Critiche legittime, che fotografano una sinistra post-ideologica, progressivamente distante dai suoi riferimenti storici e popolari. Ma non bastano per dichiararla estinta.
Perché io credo che la Sinistra esista ancora — viva, concreta, radicata — e che non abbia nulla a che vedere con quei fantasmi ideologici.
La Sinistra esiste nelle associazioni che promuovono democrazia e rispetto, nelle lotte studentesche per un’università libera e imparziale — anche quando, come è accaduto a noi di Punto e Virgola, si viene messi a tacere. Esiste nei volti stanchi ma lucidi di chi ricorda i partigiani non per nostalgia, ma per responsabilità.
È in chi distingue ancora, con coraggio, il bene dal male; in chi crede che giustizia sociale non significhi rendere tutti uguali, ma dare a ciascuno gli stessi strumenti per vivere dignitosamente.
Fatte salve le eccezioni (che, come sempre, confermano la regola), questa è la mia definizione finale: Il Popolo che ha una coscienza politica e storica, e suoi temi, sono la Sinistra.
Per dare più sostanza alla mia definizione, aggiungo che la Sinistra è anche quel desiderio viscerale di migliorare la realtà in cui viviamo. Desiderio che ognuno di noi sperimenta e che è l'origine di ogni cambiamento. Quel desiderio che ha portato: Alla Legge Basaglia (1978), che abolì i manicomi e riformò il sistema psichiatrico italiano; Alla legalizzazione dell’obiezione di coscienza e del servizio civile (1972); Alla Legge 194 sull’interruzione volontaria di gravidanza (1978), un diritto fondamentale per le donne italiane; Alla Legge sul divorzio (1970), promossa dal PSI di Loris Fortuna, e alla sua difesa nel Referendum del 1974, un successo della Sinistra laica e progressista contro le pressioni clericali.
È questa forza inesorabile che imprime ritmo e direzione a un Paese, e così facendo, ne scrive la sua storia. In particolare, è il desiderio dei suoi milioni di lavoratori di vivere una vita senza umiliazioni e con eguali possibilità di futuro. Nel caso italiano, la Sinistra è figlia della comunità risorgimentale che lottò con le élite per cancellare le diseguaglianze sociali senza mai rinunciare alla libertà dell’individuo.

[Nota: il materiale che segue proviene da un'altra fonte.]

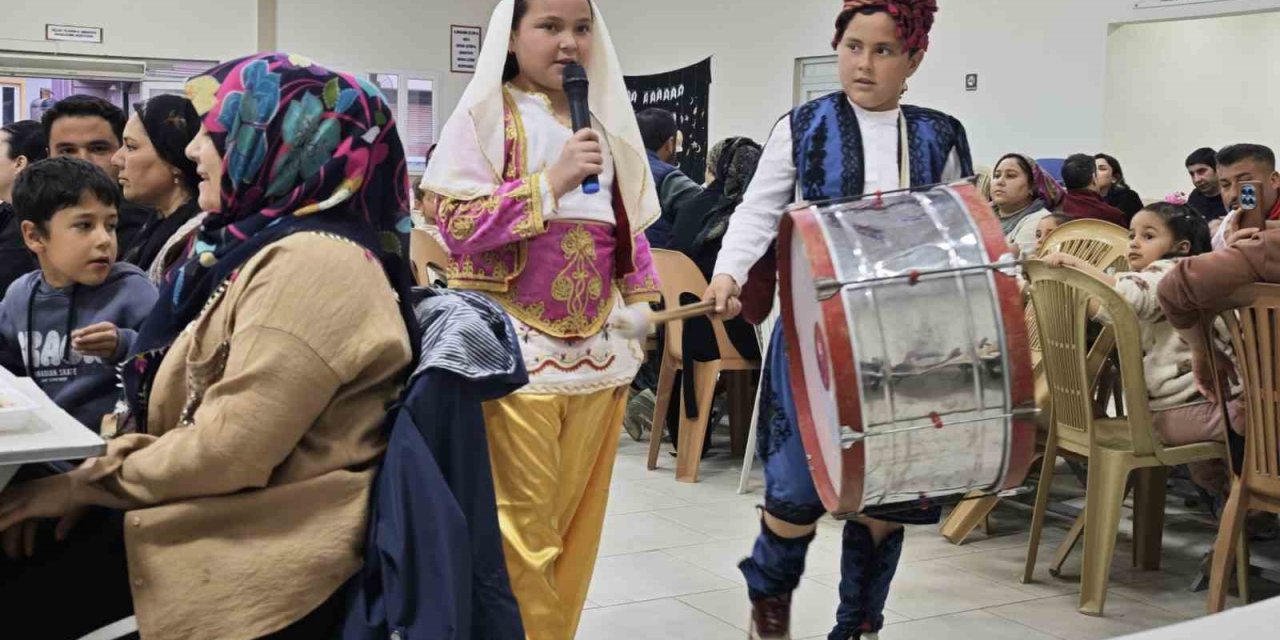 Çocukların Ramazan gösterileri iftar sofrasına renk kattı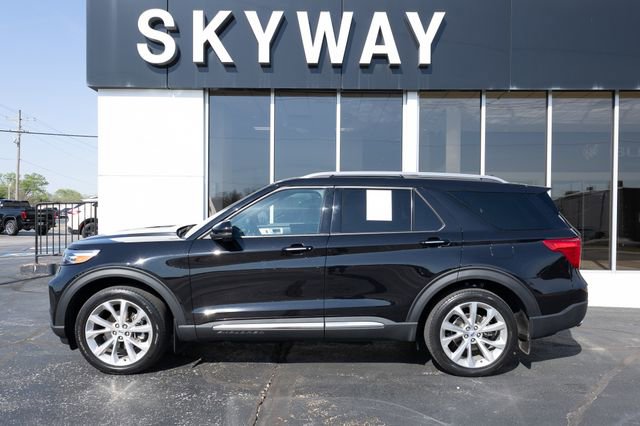 Used 2023 Ford Explorer Platinum w/ Technology Package image 4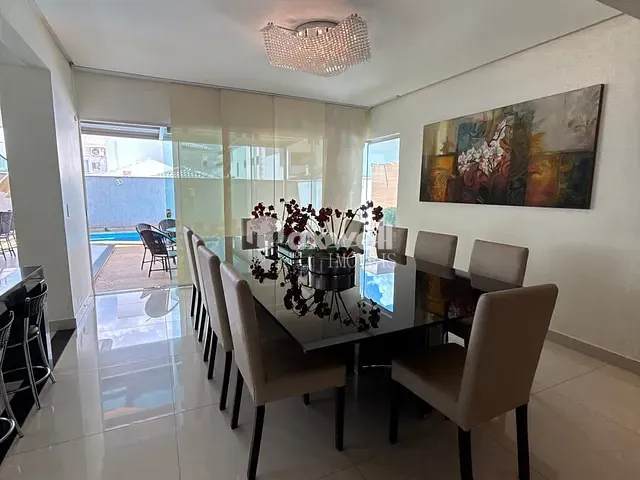Sobrado com 416m² 4 quartos e 4 banheiros, à venda, no bairro Jardins Madri em Goiânia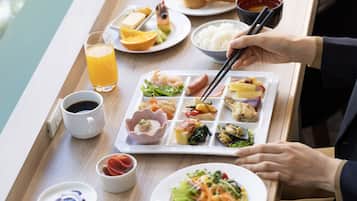 Daily buffet breakfast (JPY 2420 per person)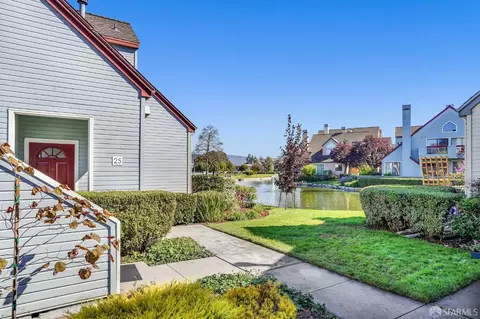 25 Regulus Ct, Alameda, CA 94501 photo 3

È voce collettiva che ha combattuto — e continua a combattere — affinché ogni cittadino e ogni cittadina abbia rappresentanza politica, dignità, diritti.
Lo ricordava Sandro Pertini, nel 1950, alla Camera:
«Sono figlio del popolo, e la mia lotta, fin da giovane, è stata per ridare voce ai dimenticati, dignità ai poveri, libertà agli oppressi»
— Ridare voce a quel popolo che oggi, con amarezza, diserta le urne.
Infatti, l’insoddisfazione verso la Sinistra — secondo la mia definizione di Sinistra come Popolo — è in fondo la stessa insoddisfazione che proviamo verso noi stessi, verso una cittadinanza disillusa e disinteressata, che crea un reale pericolo per il futuro democratico.
Lo spiega bene Marco Revelli:
«L’immagine, desolante, di una “democrazia senza popolo” e di quella che, in un futuro non lontano, potrebbe diventare un “popolo senza democrazia”.»
La Sinistra non è un’etichetta. È un moto dell’anima popolare.
È memoria storica e sguardo sul domani; è lotta concreta e tensione morale. È l’insieme dei gesti quotidiani che avvicinano e non escludono.
Non vive nei salotti, ma nei corpi intermedi, nei presìdi sociali, nei lavoratori che non smettono di credere nel futuro.
Esiste ogni volta che qualcuno si oppone all’ingiustizia, non per tornaconto, ma per dignità.
Ed è questo, forse, il segno più vero della sua presenza: la coscienza di sé, anche quando pare sparita. Come scrisse Enrico Berlinguer:
«La questione morale esiste da tempo, ma è oggi diventata la questione politica prima e fondamentale. Perché dalla sua soluzione dipende la rinascita della società italiana.»